Burari deaths: Relatives dismiss 'religious angle', suspect foul play
New Delhi, July 1: A relative of the 11 members of a family who were found dead under mysterious circumstances at their home in north Delhi's Burari suspected foul play in the incident, saying that "they were educated people and not superstitious".
Ketan Nagpal, whose maternal grandmother was one of the deceased, alleged that they were killed and dismissed the police theory that it could be a case of "suicide pact". He said it was a prosperous family. "They were not facing any financial issues and had not taken even a single loan. Everything was fine. Why would they kill themselves?" he said.
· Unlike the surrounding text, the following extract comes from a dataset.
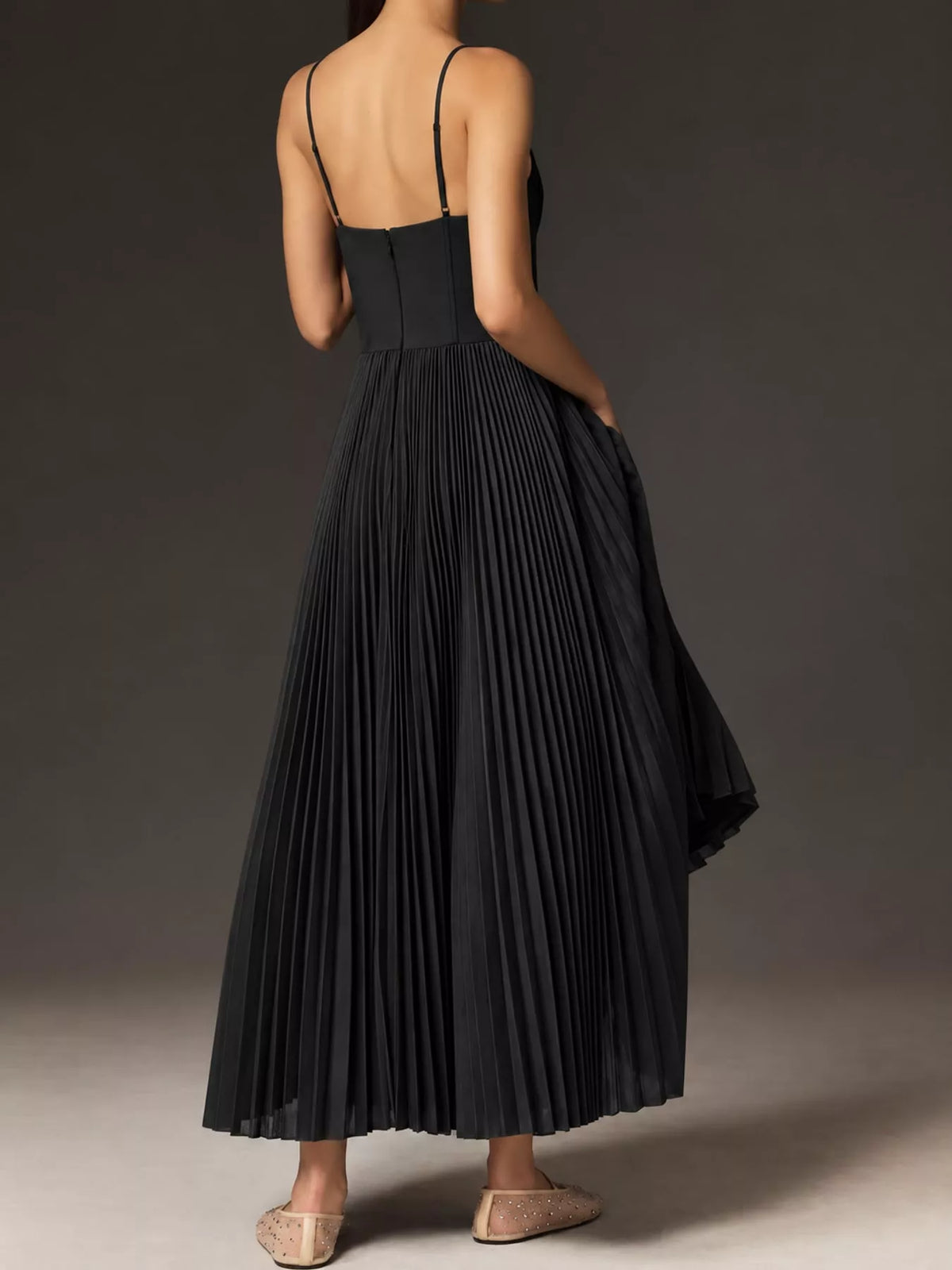 Saoirse Pleated Sweetheart Midi Dress in Black, on model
Nagpal contended that even if they had to commit suicide, they would not have covered their faces and taped their mouth. Another relative said they had spoken to the family last night. They sounded "normal" and did not show any signs of depression, he added.
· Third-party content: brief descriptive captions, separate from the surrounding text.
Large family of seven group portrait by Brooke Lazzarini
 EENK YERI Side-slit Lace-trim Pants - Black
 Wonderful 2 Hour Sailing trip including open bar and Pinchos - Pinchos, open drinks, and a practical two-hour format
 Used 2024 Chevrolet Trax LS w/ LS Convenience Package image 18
"The family did not have enmity with anyone. But we suspect someone killed them," he alleged. The relatives claimed that there was no "religious angle" linked to the deaths. "They believed in God but who believes in such things (referring to handwritten notes talking about salvation). They were educated people and not superstitious," said one of the relatives.
Police found handwritten notes which indicated a "religious or spiritual angle" to the deaths. A police officer said a probe will be conducted to find "if the family indulged in occult practices" or they followed "any godman".
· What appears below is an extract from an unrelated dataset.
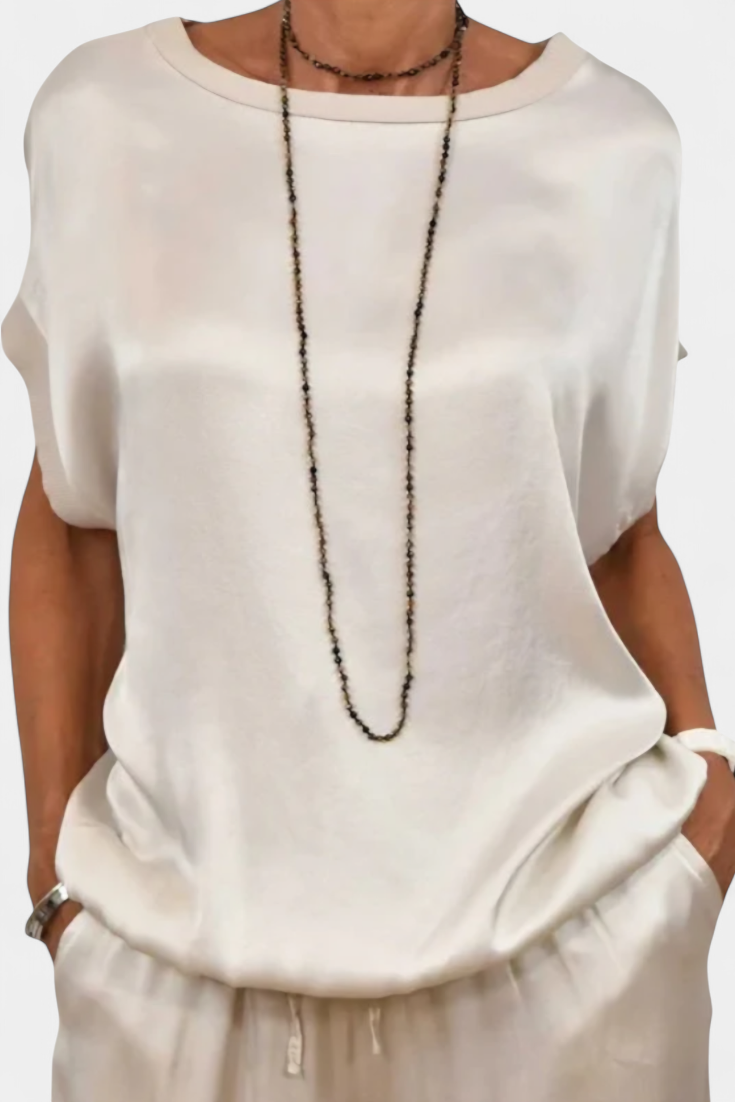 Blasa Dviejų Dalių Pavasario Komplektas su Išskirtiniu Stiliumi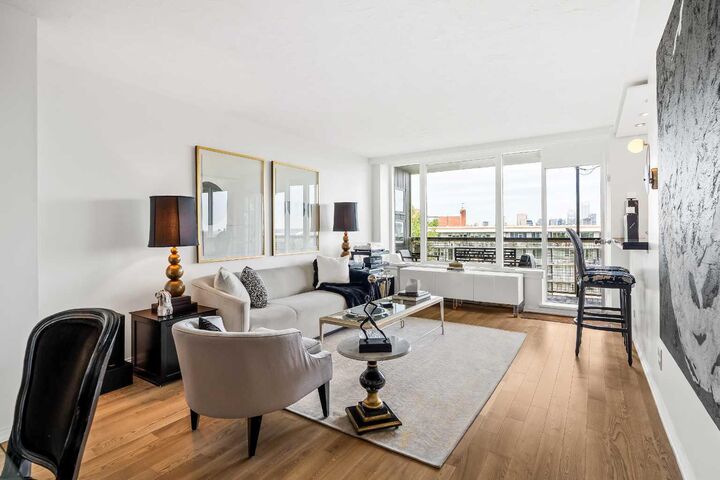 Property Photo:  3316 Rideau Place SW 704  AB T2S 1Z4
The deceased were identified as Narayan Devi (77), who was found dead on the floor, her daughter Pratibha (57), her two sons Bhavnesh (50) and Lalit Bhatia (45). Bhavnesh's wife Savita (48) and their three children - Meenu (23), Nidhi (25) and Dhruv (15).
Lalit Bhatia's wife Tina (42) and their 15-year-old son Shivam were also among those found dead. Pratibha's daughter Priyanka (33), who was engaged last month and would have married by the end of this year, was also found hanging.